Calcio femminile: si può pensare a una nuova strategia di business?

La crescita del calcio femminile è buona, l’investimento è meglio. Come possiamo iniziare a monetizzare un movimento?” si chiede Sweet Caroline Football, content creator, giornalista e podcaster. Andando verso Euro 2025, ha deciso di pubblicare una riflessione su come migliorare ulteriormente la crescita del movimento, basandosi su una recente ricerca di Sky Sports e su un podcast gestito da Danielle Robay e Celeste Headlee.

LA RIFLESSIONE SUL CALCIO FEMMINILE

Il calcio femminile non ha bisogno di compassione, bensì di una strategia chiara e creativa. Parliamo di equità e investimenti meritati. Ma nel business e nel business del calcio, parlano i ricavi. Se vogliamo più investimenti, dobbiamo mostrare un ritorno economico, e non solo pretenderlo. Fare affidamento sui club maschili è stato essenziale, ma non è più un piano di crescita. È vero, molte squadre femminili sono sostenute da un club maschile, ma la sostenibilità sul lungo termine significa costruire un’audience, attrarre sponsor e dimostrare valoreapre la creator nella sua analisi.

L’audience

Sweet Caroline Football segnala che esiste già un’audience affezionata da preservare. Citando un sondaggio di Sky Sports, “dobbiamo ora spostare la nostra attenzione per nutrire la lealtà”, poiché “esiste un pubblico vasto che è consapevole dell’esistenza del calcio femminile, ma dobbiamo essere sicuri che rimangano con noi.

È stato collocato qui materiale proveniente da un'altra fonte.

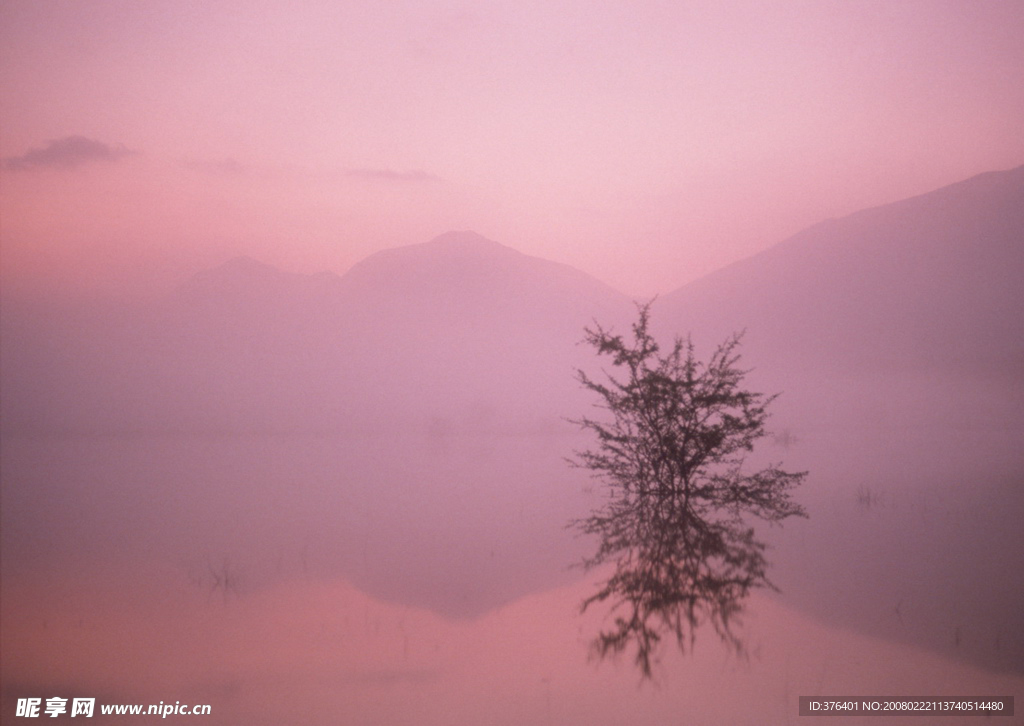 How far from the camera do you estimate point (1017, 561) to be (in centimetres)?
1230

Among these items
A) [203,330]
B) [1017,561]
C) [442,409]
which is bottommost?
[1017,561]

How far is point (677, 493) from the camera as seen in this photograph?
2003 centimetres

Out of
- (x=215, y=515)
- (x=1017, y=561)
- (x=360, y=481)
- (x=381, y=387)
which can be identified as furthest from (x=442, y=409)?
(x=1017, y=561)

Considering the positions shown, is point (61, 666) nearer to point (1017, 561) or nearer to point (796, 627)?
point (796, 627)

I club potrebbero guardare ai punti lealtà per chi presenzia alle partite“. L’ex podcaster di Across the Pond della WSL aggiunge che alcune società si sono già assicurate il proprio incasso ad inizio stagione offrendo bundle per gli abbonati e per i tifosi, raggruppando alcune partite sotto un unico costo. “Questo riduce l’incertezza riguardo alle entrate e dà agli sponsor un chiaro numero con il quale lavorare” segnala.

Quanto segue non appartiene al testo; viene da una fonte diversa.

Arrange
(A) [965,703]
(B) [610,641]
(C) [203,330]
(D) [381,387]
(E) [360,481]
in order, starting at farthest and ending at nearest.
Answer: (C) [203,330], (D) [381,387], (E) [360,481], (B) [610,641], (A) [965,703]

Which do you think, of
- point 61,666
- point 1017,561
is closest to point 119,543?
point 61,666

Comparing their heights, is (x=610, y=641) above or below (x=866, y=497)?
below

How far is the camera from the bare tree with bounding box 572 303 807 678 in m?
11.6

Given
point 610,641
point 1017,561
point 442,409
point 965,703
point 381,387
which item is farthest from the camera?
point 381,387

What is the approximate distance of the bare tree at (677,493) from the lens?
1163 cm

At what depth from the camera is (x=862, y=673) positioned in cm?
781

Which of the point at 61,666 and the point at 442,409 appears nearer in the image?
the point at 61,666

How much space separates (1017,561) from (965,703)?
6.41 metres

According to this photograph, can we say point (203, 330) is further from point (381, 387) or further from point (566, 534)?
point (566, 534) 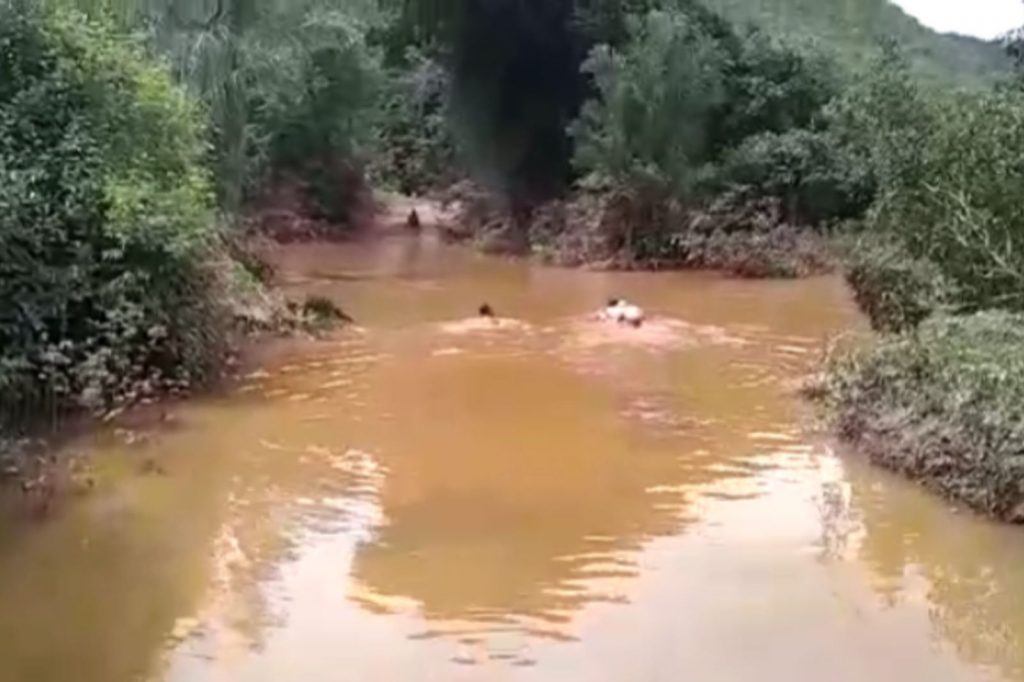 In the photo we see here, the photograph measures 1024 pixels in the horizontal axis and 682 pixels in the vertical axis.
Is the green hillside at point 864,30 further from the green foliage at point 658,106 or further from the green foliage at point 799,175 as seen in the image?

“Uno sport globale ha bisogno di un allineamento globale”

Perché la strategia corrente sembra così isolata? I grandi campionati devono allinearsi commercialmente su diritti, marketing e storytelling, ci sono ancora troppe discrepanze nella promozione di squadre e calciatrici” riflette la giornalista. “Il calcio femminile non può essere unito solo nelle proposte, ma anche nei profitti“. Sweet Caroline Football aggiunge inoltre che la strategia di concentrarsi sui tifosi è buona, “ma a volte perdiamo di vista il calcio, ovvero il livello di gioco, le giocatrici stesse, il prodotto e il viaggio“. Tale analisi si concentra sul creare un prodotto appetibile anche per gli spettatori casuali, e per aumentare l’interesse e la passione di coloro che già ci sono, e soprattutto non “coprire le crepe“, ovvero essere consapevoli che le criticità del movimento esistono ma che si possono risolvere.

Cos’ha ispirato la riflessione?

Una frase che ha ispirato la riflessione della content creator deriva da un podcast che ha ascoltato di recente. Tale frase recita: “Abbiamo evidenza zero che una conversazione possa cambiare l’opinione di qualcuno“. Infatti Caroline Football riflette proprio su questo dettaglio, cioè che il calcio femminile non “convincerà” nel suo cammino verso il successo commerciale, quantomeno non senza creare un valore indiscutibile, con un prodotto che ottenga credibilità. Con questo, bisogna poi pensare ai tifosi non solo in quanto tali, ma anche con una visione più capitalistica – se possiamo definirla così in redazione – e quindi pensare di trasformarli in clienti, poiché “l’alto engagement non significa in automatico grandi entrate per i club“, e quindi bisogna ridurre questo gap.

“Abbiamo creato un movimento, ora creiamo un mercato”

L’ultimo ragionamento riguarda il fatto che ora molti grandi marchi hanno iniziato ad investire nel calcio femminile, ma non possono farlo “per carità“. La volontà di investimento nasce dall’aver creato un nuovo settore dal quale trarre profitto. “L’opportunità è enorme, se lavoriamo intelligentemente e duramente“, perché il movimento “non può essere solo lo specchio del maschile, ma può imparare da esso (nel senso del marketing, ndr)“. Il modello che vuole proporre Sweet Caroline Football intende essere “moderno, sostenibile, che guarda ai dati e che comunque metta il pubblico in primo piano“.